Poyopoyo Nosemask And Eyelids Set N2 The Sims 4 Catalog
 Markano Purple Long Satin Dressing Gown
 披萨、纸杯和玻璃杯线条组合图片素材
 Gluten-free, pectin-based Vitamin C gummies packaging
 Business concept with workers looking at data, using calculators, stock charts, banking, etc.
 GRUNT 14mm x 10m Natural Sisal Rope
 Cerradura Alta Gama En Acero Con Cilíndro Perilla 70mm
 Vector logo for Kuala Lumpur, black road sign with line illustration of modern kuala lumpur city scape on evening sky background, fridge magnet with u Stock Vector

Your assignment -> Copy out precisely those lines which run from the one containing "披萨、纸杯和玻璃杯线条组合图片素材" to the end of the material.

Exercise solution ->
 披萨、纸杯和玻璃杯线条组合图片素材
 Gluten-free, pectin-based Vitamin C gummies packaging
 Business concept with workers looking at data, using calculators, stock charts, banking, etc.
 GRUNT 14mm x 10m Natural Sisal Rope
 Cerradura Alta Gama En Acero Con Cilíndro Perilla 70mm
 Vector logo for Kuala Lumpur, black road sign with line illustration of modern kuala lumpur city scape on evening sky background, fridge magnet with u Stock Vector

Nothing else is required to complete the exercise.